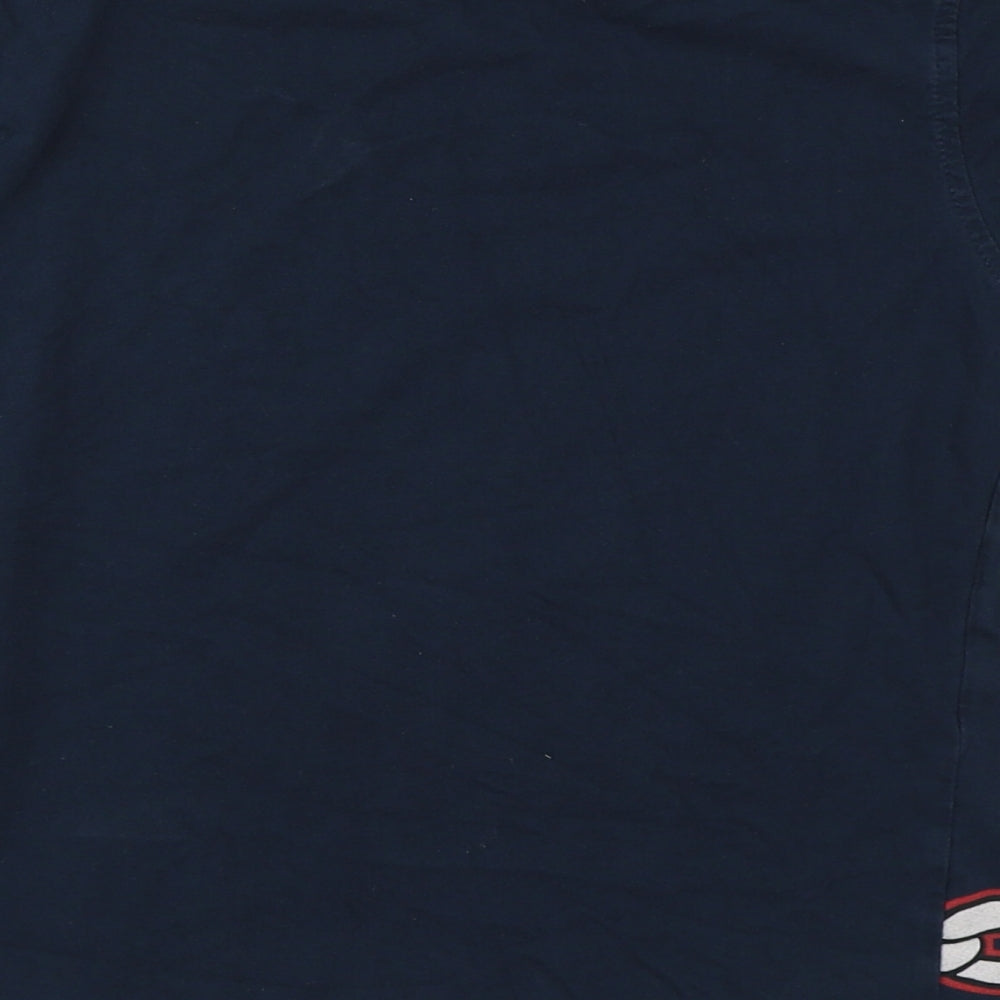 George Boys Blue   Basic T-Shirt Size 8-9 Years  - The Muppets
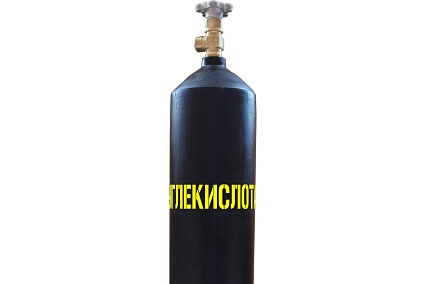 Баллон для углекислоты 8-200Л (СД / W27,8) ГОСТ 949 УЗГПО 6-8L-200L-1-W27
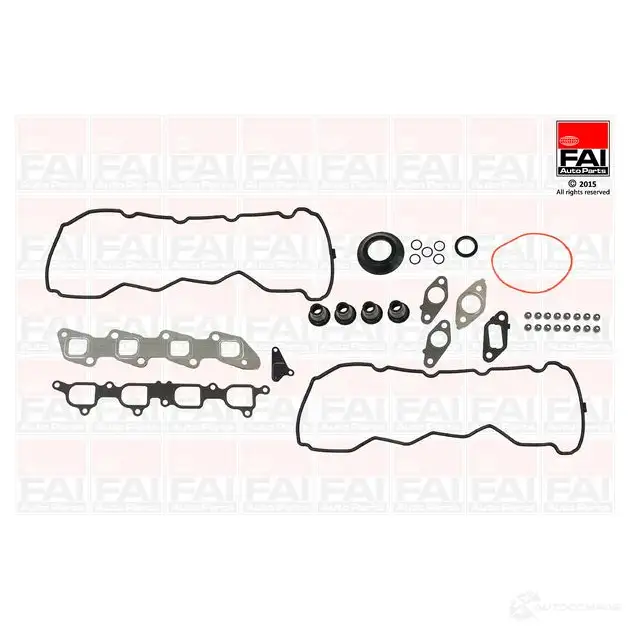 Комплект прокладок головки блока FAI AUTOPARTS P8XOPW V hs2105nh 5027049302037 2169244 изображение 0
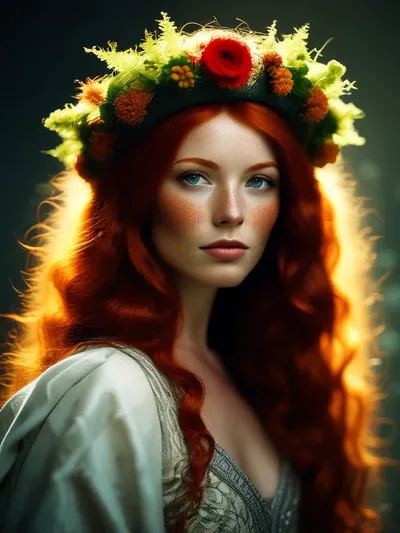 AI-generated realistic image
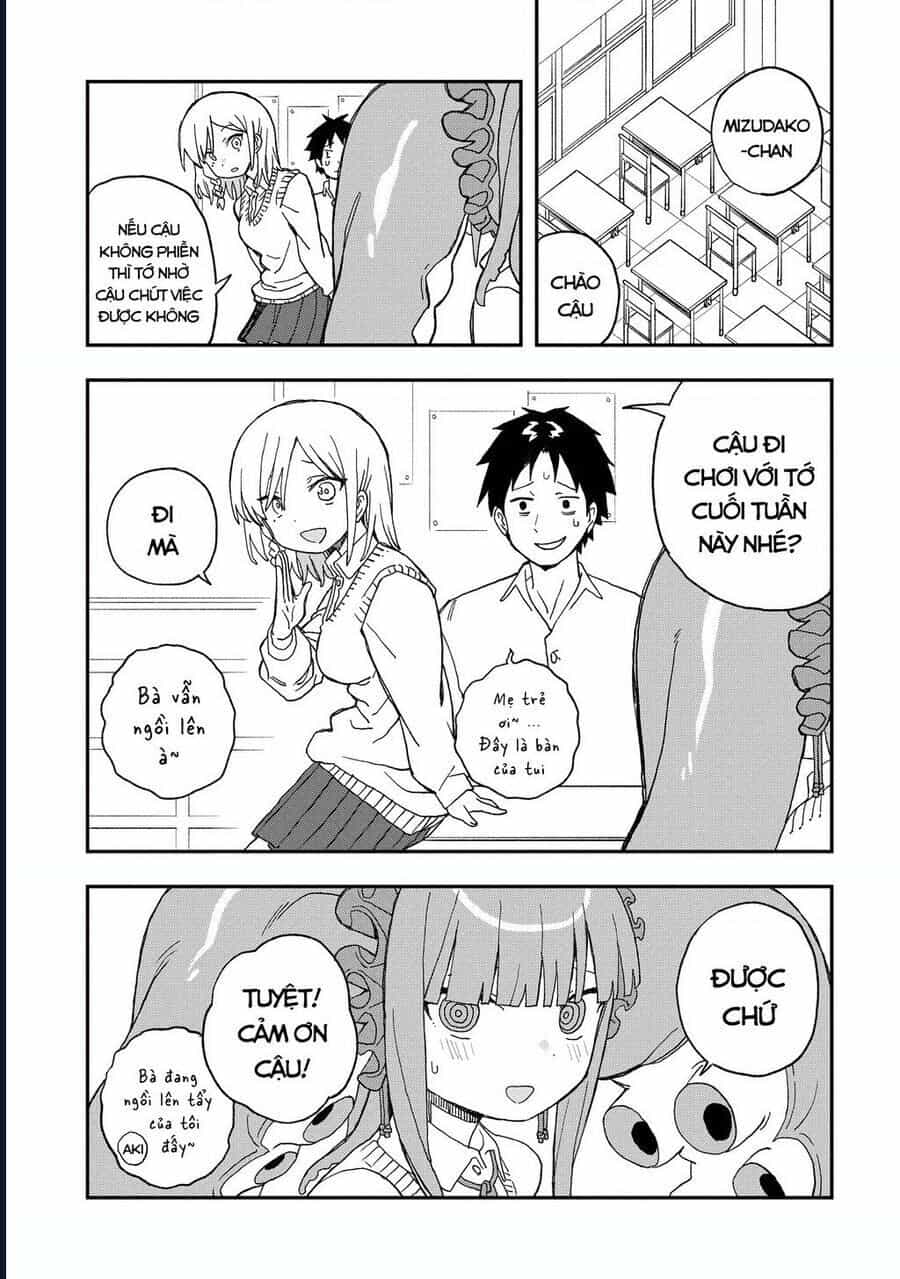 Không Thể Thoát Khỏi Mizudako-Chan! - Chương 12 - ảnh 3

[Your goal] Each line from the first line of the data above through the one containing "AI-generated realistic image" must be set down exactly; the pictures must not be.

[Result of this exercise]
 George Boys Blue   Basic T-Shirt Size 8-9 Years  - The Muppets
 Баллон для углекислоты 8-200Л (СД / W27,8) ГОСТ 949 УЗГПО 6-8L-200L-1-W27
 Комплект прокладок головки блока FAI AUTOPARTS P8XOPW V hs2105nh 5027049302037 2169244 изображение 0
 AI-generated realistic image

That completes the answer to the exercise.